Post # 1
I am hoping to hear from anyone who has issued an ultimatum, left, and then taken him back.
It has been over a year since I left. It wasn’t really a full on ultimatum. I had told him years before that five years was my limit, and I think it was around 4 1/2 years together that my gut was telling me it was a dead-end. We remained very good friends, and we have grown closer than ever. He has changed so much-he is almost a completely different person.
So, we find ourselves in an almost-relationship. I would probably say we are dating. I really don’t know how it happened. We were very close friends, and I guess it just progressed.
He has told me what an eye-opener this past year was, and considering the complete change in his behavior, I believe him.
I also feel like I should make this clear: it is NOT lonliness. During the time we were apart, I did see other men, some more steadily than others. I have never had a problem finding suitors, so lack of a warm body is not the issue.
Would it be foolish to let myself get involved with him, again? Has anyone taken a partner back after this with positive results? Am I just setting myself up to get hurt?
Post # 3
I think that before you consider re-entering into a relationship with him, that you two need to sit down and have a serious conversation about the reason that you broke it off to begin with.
If it was lack of proposal, you have to determine whether or not he has changed in that regard. If not, you will be wasting your time. You know him best, so you will be able to figure out if he’s ready now.
Good luck to you!
Post # 4
The reason you left him is still there, so I guess before you solidify anything you do need to have a frank chat with him about your expectations for your future and make sure you are on the same page.

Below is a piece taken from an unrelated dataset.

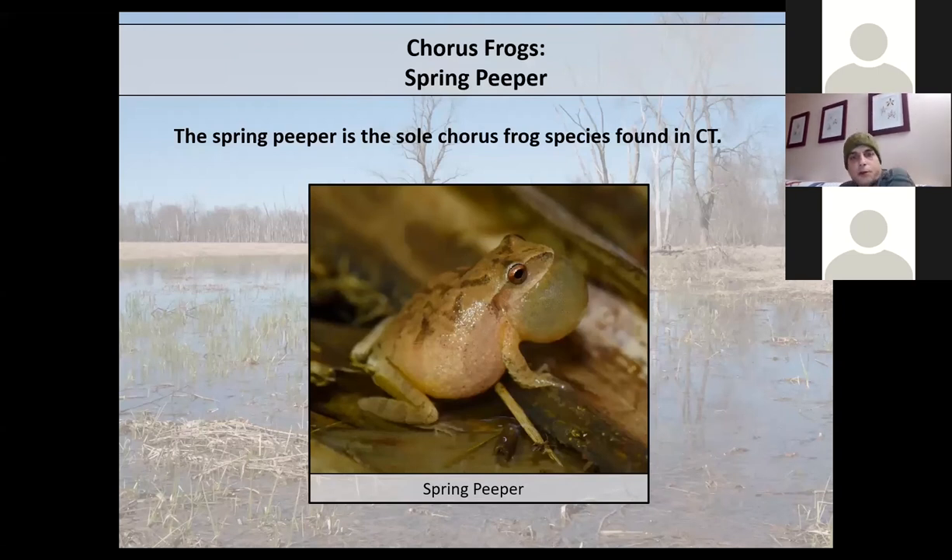The spring peeper is the only chorus frog in Connecticut. It's the frog you hear calling very early in the season — typically starting in early March — with a very high-pitched peep sound. It's also Connecticut's smallest frog species. They can vary in color from golden yellow to red, depending partly on diet and temperature — they tend to be lighter with warmer temperatures and darker during colder temperatures. They use open-canopy wetlands throughout the state and are one of our more common frog species.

That said, trust your instinct. If you feel he has changed for the better, why not?
Post # 5
- Wedding: July 2012 - The Gables Inn, Santa Rosa, CA
You need to talk to him about why you left– has that issue(s) changed? Then you’ll have your answer.
Post # 6
I’ve never been in that situation but Handsome’s best friend and his girl had been dating for seven years when she gave him an ultimatum. She pushed getting married and he wasn’t budging on it so she left him. His best friend did ok for a while. There were times where he would break down and cry. He dated once during there break. Then after 6 months she realized that there was no else out there more for her then him. They got back together moved in with eachother three months later then two years after they moved in they got married.
They’ve been married for two years now, still going strong.